▶ Task to carry out
Without including any pictures, give back all of the data exactly.

[Opening Raw data section]

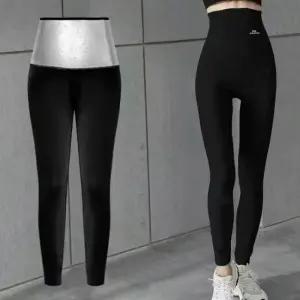 [아우트]뱃살빼기 하이웨스트 여성 운동복 5부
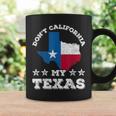 Californie Texas Dictons Patriotique Fierté Texan Tasse Idées cadeaux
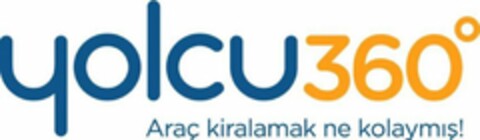 YOLCU 360 ARAÇ KIRALAMAK NE KOLAYMIS Logo (USPTO, 07.01.2019)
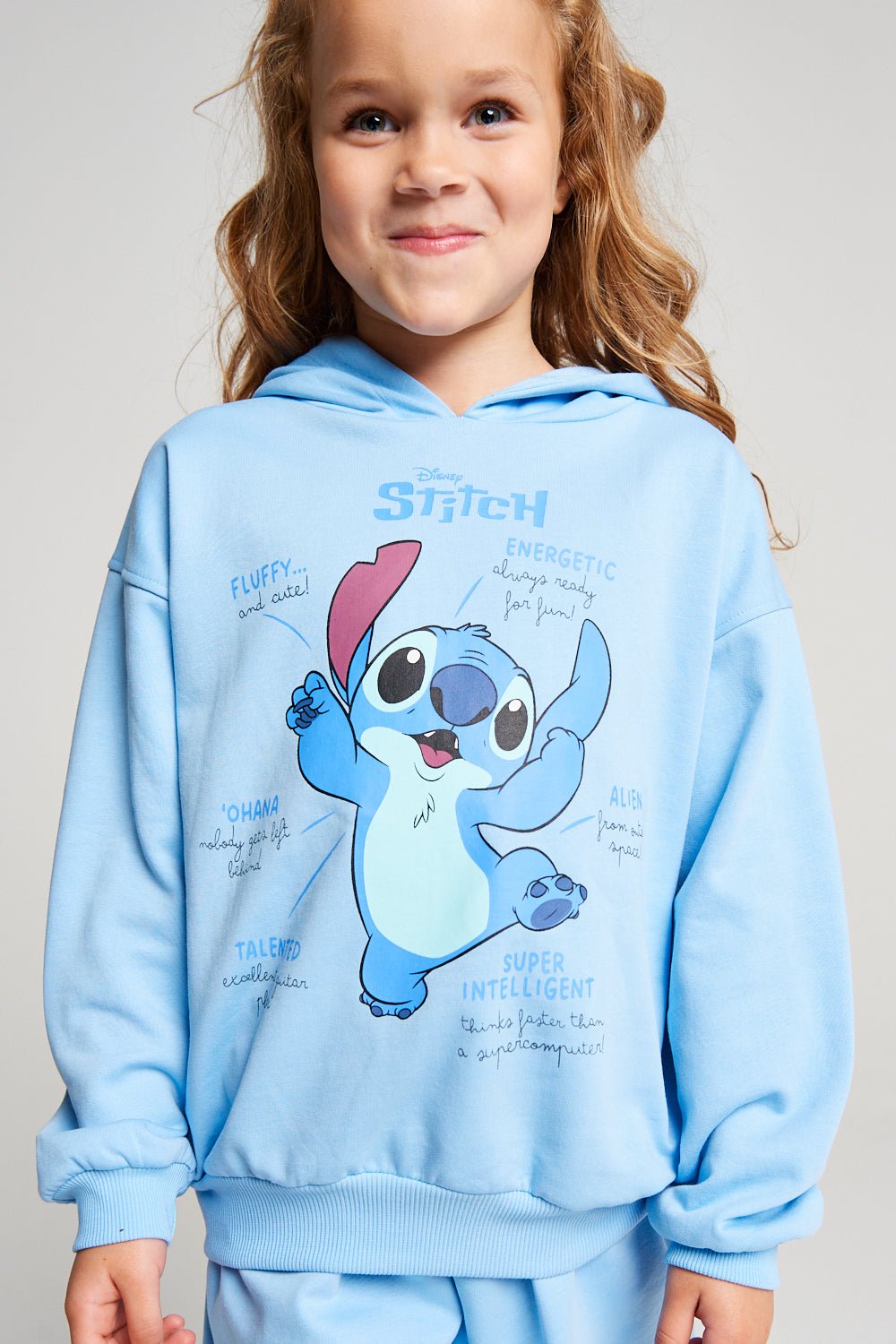Lilo & Stitch Tracksuit Sweat Set - Brand Threads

[Closing Raw data section]

▶ Written answer
 [아우트]뱃살빼기 하이웨스트 여성 운동복 5부
 Californie Texas Dictons Patriotique Fierté Texan Tasse Idées cadeaux
 YOLCU 360 ARAÇ KIRALAMAK NE KOLAYMIS Logo (USPTO, 07.01.2019)
Lilo & Stitch Tracksuit Sweat Set - Brand Threads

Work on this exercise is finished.